尾崎さんは音楽活動を続けながら、2016年に初の小説「祐介」を発表。そして2020年に小説「母影」が第164回“芥川賞候補”になりました。
そんな尾崎さんに小説と作詞の違いについて伺うと、やはり、“全然違うモノ”だとお答えになります。“歌詞はメロディーに何となく吸い込まれるイメージがあり、曲に歌詞が格納される感覚”があり、一方の小説は、自由に言葉を紡げるため、納める作業に苦労されたそうです。歌詞では“いかに説明をしないか”という点を意識されてきましたが、小説は文字だけで情景が浮かぶように細かな説明が求められ、それに悩むことが多いとか。
また、言葉の紡ぎ方に関しては“短距離と長距離の違いがある”とおっしゃいます。作詞では、短距離のように、「ここだ!」という1行に全力を込めることがありますが、小説でそれをしてしまうと、あとで読み返した時に恥ずかしい思いをすることがあるそうで、全体に力を均して書いていく、いわば長距離走。音楽は聴かせどころの“サビ”を作りますが、小説では“サビ”を作らず、全体を意識されています。この真逆の作業をやることによって、これまでにやってきた音楽活動にも良い作用があると言います。
小説を書くことで、“出来ない事をするのが好き”ということに改めて気付かされたという尾崎さん。小さい頃から、出来ない事をいくつも体験してきて、今でも“出来ない事がある”という環境がご自身にとっては心地よく、それを求めてしまうそうです。

そして、小説「母影」が第164回芥川賞の候補に選ばれた時の心境も伺いました。
候補者に選ばれた人には電話が掛かってくるという流れがあるそうですが、なかなか尾崎さんの電話は鳴らなかったそうです。予定の日よりも少し過ぎた時、諦めかけていた尾崎さんの携帯に1件の知らない番号からの着信履歴がありました。しかし、内心、“これで光熱費の催促の電話だったら本当に落ち込むな・・・”と、ネガティブな考えが頭をよぎりましたが、覚悟を決め折り返すことに。

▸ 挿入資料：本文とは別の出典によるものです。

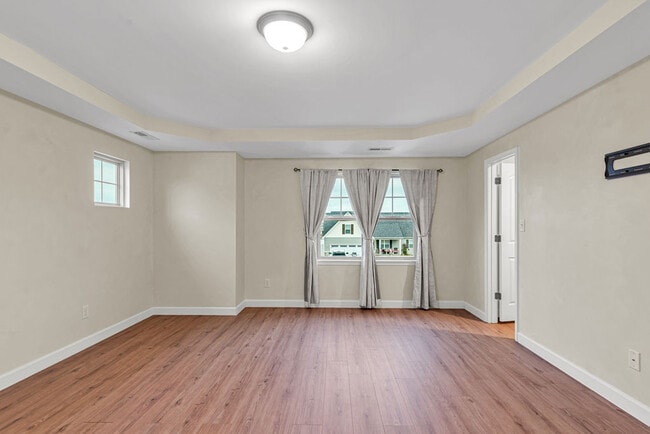 Building Photo - 303 Channel Run Ln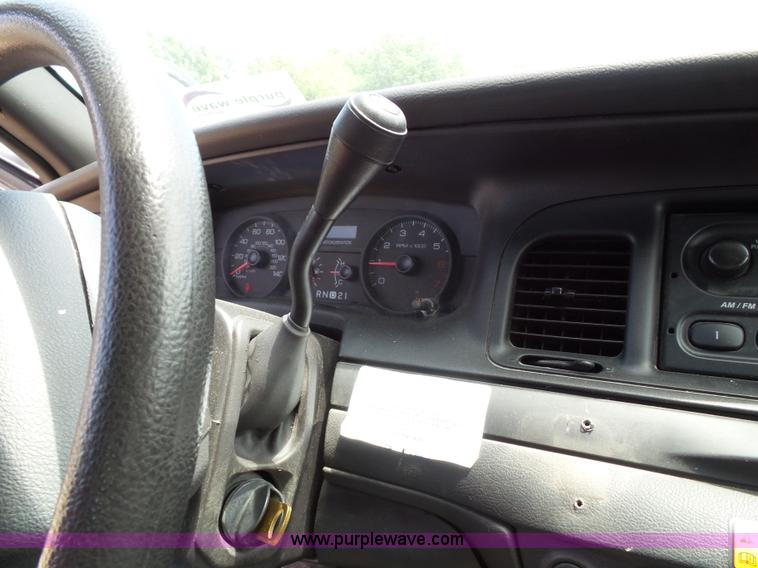 image for item J4863 2008 Ford Crown Victoria Police Interceptor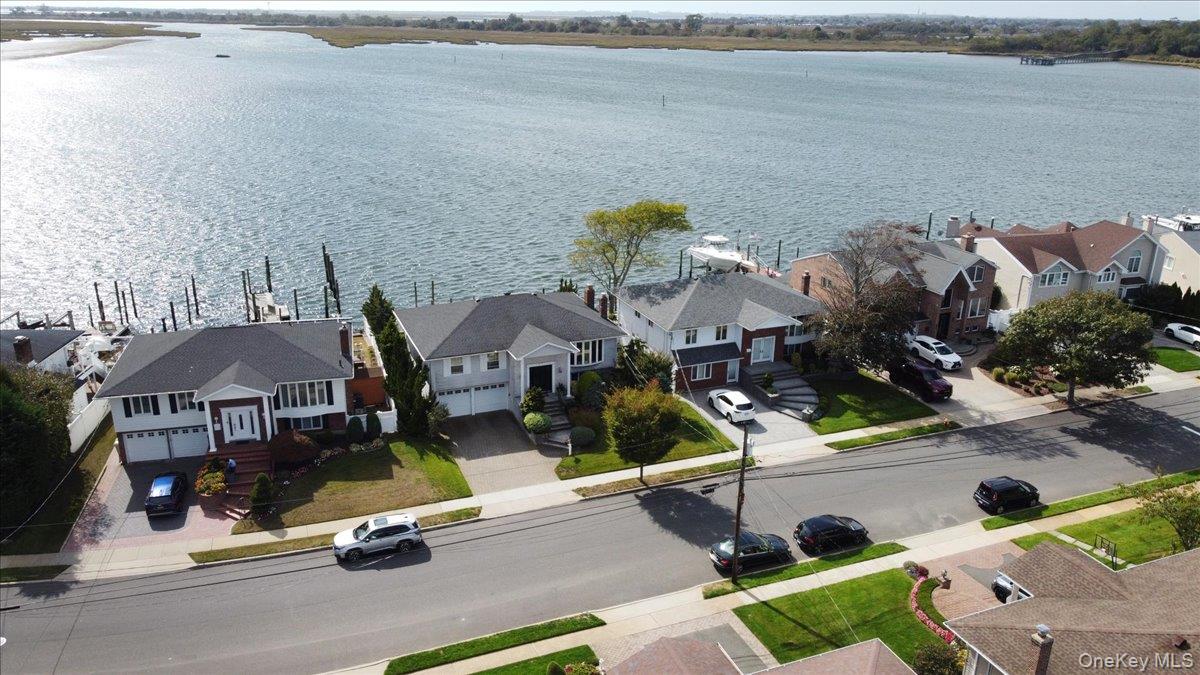 3106 Clubhouse Road, Merrick, NY 11566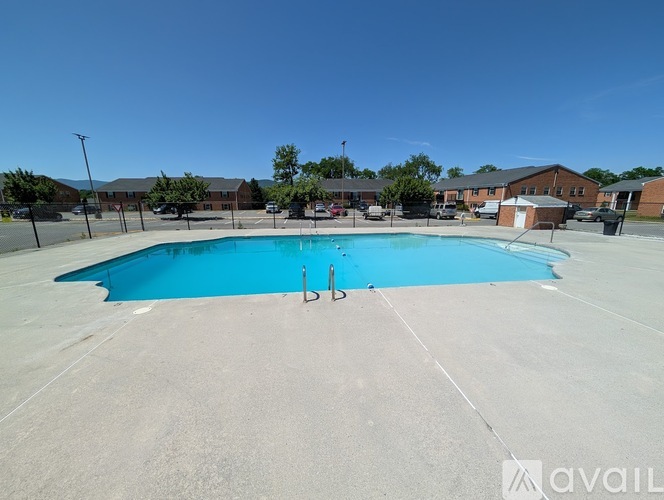 3801 Stratford Park Drive Southwest 2 Beds Apartment for Rent - Photo gallery 3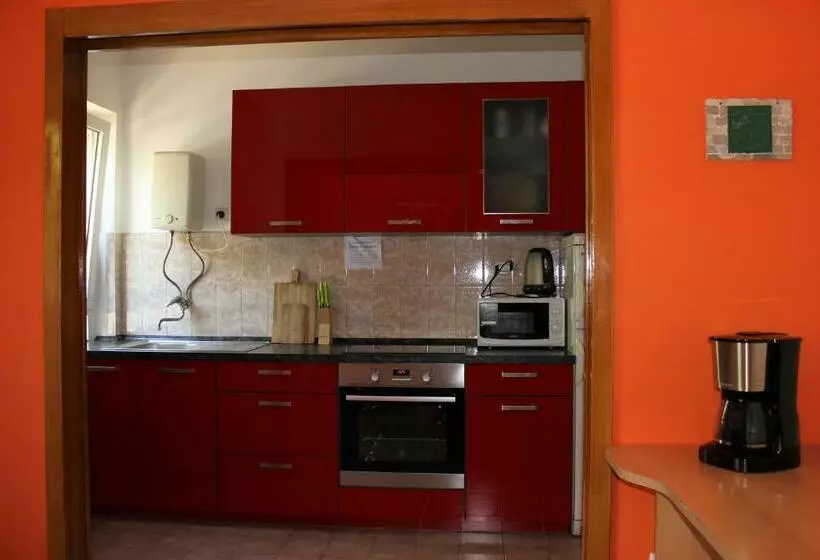 Llit en Habitació Compartida, Eros Rooms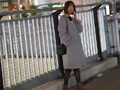 奥突きバウンドピストンでイキ壊れた女4 痙攣微乳オンナ 画像1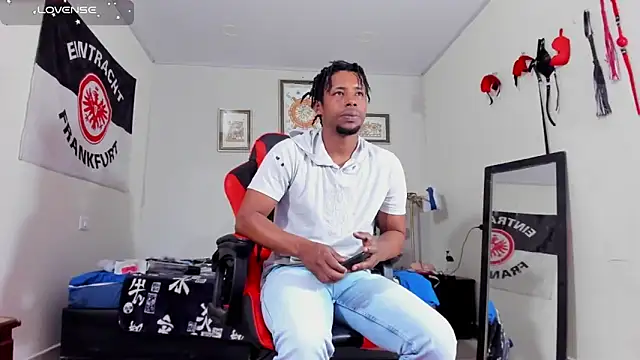 Snapshot of AlejoKhalifa_ chatting on November 2025 11:59:01 PM AlejoKhalifa online show from November 2025 11:59:01 PM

電話は繋がりませんでしたが、選考委員からの電話は折り返しても繋がらないというルールを知っていた尾崎さんは、少し可能性が上がったと期待を寄せます。すると、担当編集者の方から「正式なご連絡が届くと思うので、お待ちください。」とLINEが・・・!その後、電話が掛かってきて、正式に候補に選ばれた連絡を受け取りました。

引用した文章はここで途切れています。